Recofi v the Socialist Republic of Vietnam: an intriguing obiter dictum of the Swiss Supreme Court
In the Recofi decision, the Swiss Supreme Court rejected the investor’s argument of an internationally accepted (broad) definition of investment covering monetary claims. The Supreme Court made clear that, in the absence of an internationally accepted definition of investment, bilateral investment treaty (BIT) provisions should be interpreted on the basis of the individual BIT in question and not by reference to other (non-binding) decisions. Surprisingly however, the Swiss Supreme Court added the following obiter comment in its decision:
“…as the term investment set out in Art. 1(1) of the BIT was defined by three arbitrators, the experience in the field and the international reputation of whom both Parties recognise, the Swiss Supreme Court will not depart from the unanimous interpretation of the term given by leading experts in the field without reasonable cause”.

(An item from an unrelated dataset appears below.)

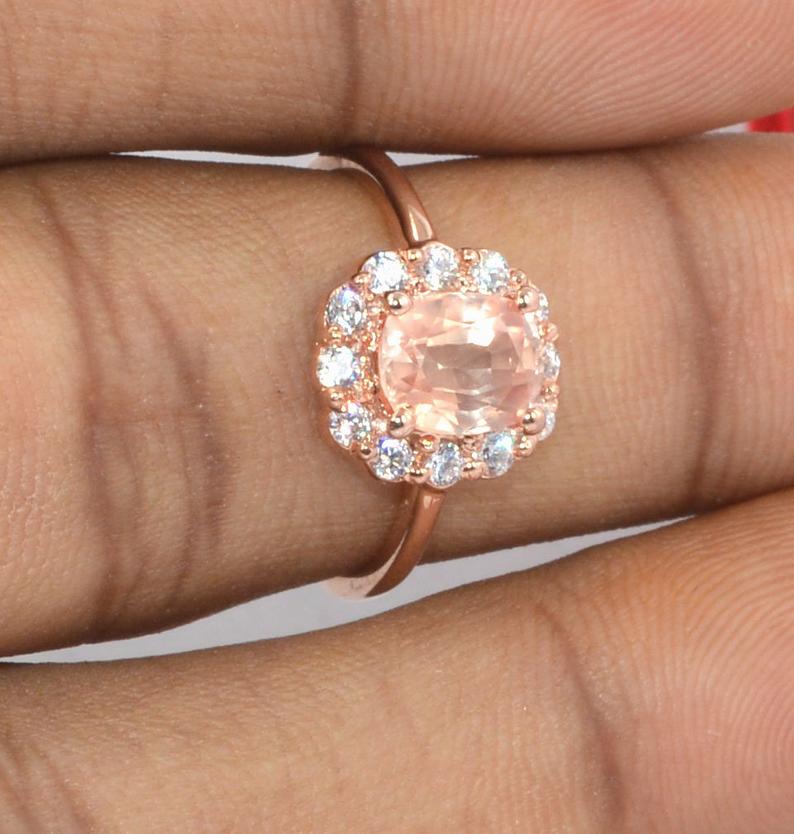1 CT Oval Cut Morganite Diamond Rose Gold Over On 925 Sterling Silver Solitaire With Accent Ring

In my post of 19 October 2017, I expressed my concerns about this (intriguing) obiter dictum, which not only showed an unusual deference and regard to an arbitral tribunal’s findings, but was also at clear variance with the principle that the Swiss Supreme Court has full power of review when it comes to analysing the jurisdiction of the arbitral tribunal. With that obiter, the Swiss Supreme Court appeared to open the door to the possibility of departing from that principle. In other words, according to the Supreme Court itself, despite its unlimited discretion to assess the jurisdiction of arbitral tribunals, it would not, without reasonable cause, interfere with the jurisdictional decisions of “leading experts” in investment treaty arbitration who would have rendered a unanimous decision, in particular with regard to the undetermined legal notion of investment.

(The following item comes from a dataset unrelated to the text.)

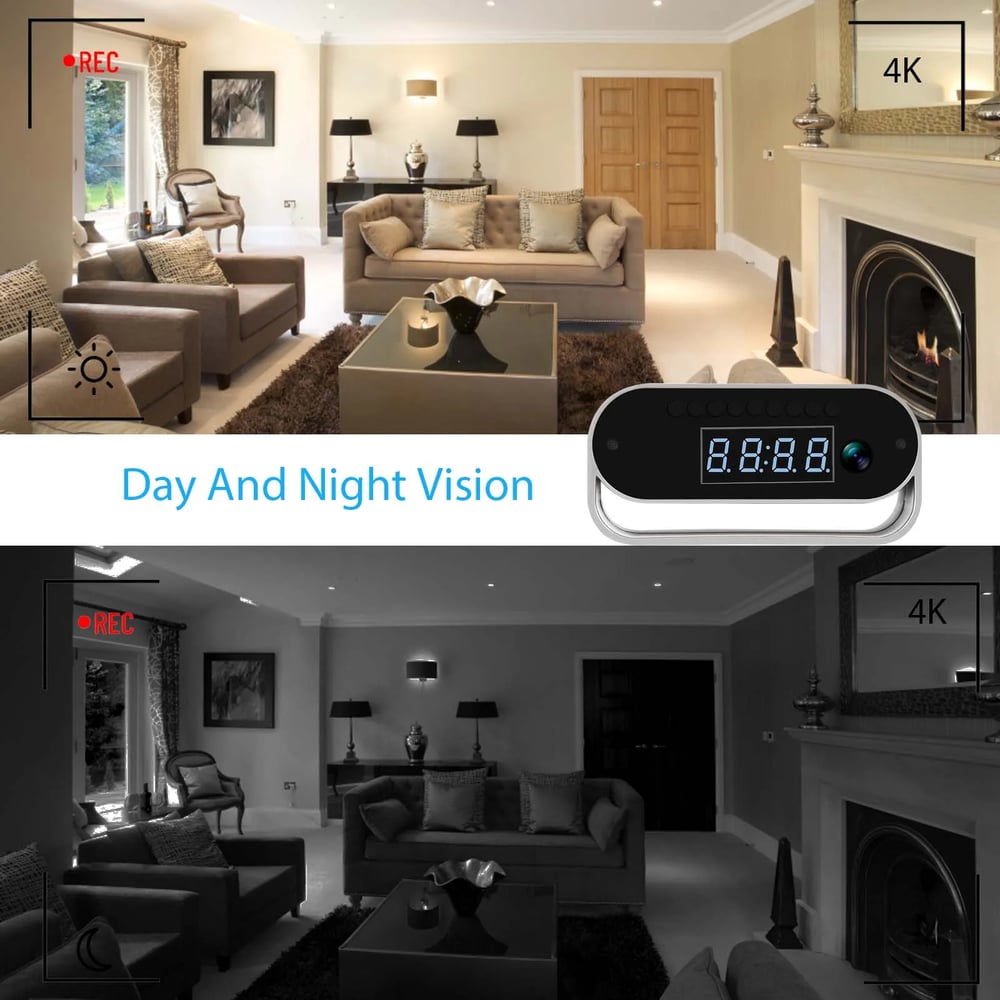 MSL 4K HD Camera Clock - Night Vision, Motion Detection, Remote View, Recording, Battery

The Crimea cases: no apparent limitation of the Swiss Supreme Court’s scope of review
In two decisions dated 16 October 2018, and published on 16 November 2018, the Swiss Supreme Court declined the Russian Federation’s requests to set aside two interim awards for lack of jurisdiction. The Supreme Court found that the arbitral tribunal rightly held that the territorial scope of the BIT between the Russian Federation and Ukraine of 27 November 1998 (Russia-Ukraine BIT) includes Crimea as a territory over which the Russian Federation exercises de facto control. With respect to the subject matter scope of the Russia-Ukraine BIT, the court concluded that the term “investment” in Article 1(1) of the Russia-Ukraine BIT also comprises investments originally made in the investor’s home state that are only subsequently located in the host state as a result of a shift of borders (decisions 4A_396/2017 and 4A_398/2017).
With respect to the definition of an investment, the Swiss Supreme Court embarked in a very in-depth analysis of the various findings of the arbitral tribunal. Importantly, at no point did the Supreme Court appear to have considered itself to be in any way restricted in its analysis. In addition, at the very outset of its reasoning, the Swiss Supreme Court confirmed that its power of review was unlimited even when reviewing awards on jurisdiction in the context of investment arbitration proceedings.

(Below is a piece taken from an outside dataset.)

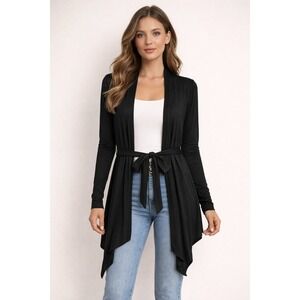 Maurices Womens Black Draped Open Front Cardigan Sweater Lightweight Large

In setting aside proceedings, the Swiss Supreme Court does not review the arbitral tribunal’s findings of fact. In other words, the Supreme Court does not act as a court of appeal when it comes to arbitral awards. For awards on jurisdiction, the Swiss Supreme Court has full power of review regarding the arbitral tribunal’s legal findings, but no power of review regarding the arbitral tribunal’s factual findings (révision au fond), with very limited exceptions, that is, if new facts are discovered or if one of the grounds for setting aside is relied on in relation to the establishment of the fact.
The author believes that there is no reason warranting that “investment awards” are treated differently than “commercial” or “sports” awards. However, in the Recofi decision, the Supreme Court opened a bit of a Pandora’s box by including an obiter dictum stating that, even though it had full power of review in relation to legal findings in awards on jurisdiction, it would not unnecessarily depart from the unanimous findings of recognised specialists (that is, the arbitral tribunal) in relation to the undefined legal notion of “investment”. This created some uncertainty as to whether the Supreme Court really would apply a different standard in investment treaty cases.
Despite the fact that the Swiss Supreme Court did not directly address this issue in the Crimea cases, it cannot be disputed that the court has made a very detailed analysis of the various legal findings of the arbitral tribunal without considering itself to be in any way restricted. Crucially, the Supreme Court did not even seek to rely on its prior obiter dictum. In those circumstances, it is not unreasonable to conclude that the Swiss Supreme Court seems to have, at least implicitly, rescinded its obiter dictum in the Recofi case. That being said, to put that debate definitively to rest (because this issue will inevitably crop up again in future cases), it would be good if the Swiss Supreme Court could expressly and explicitly clarify that its intention is not (and has never been) to create different standards of review.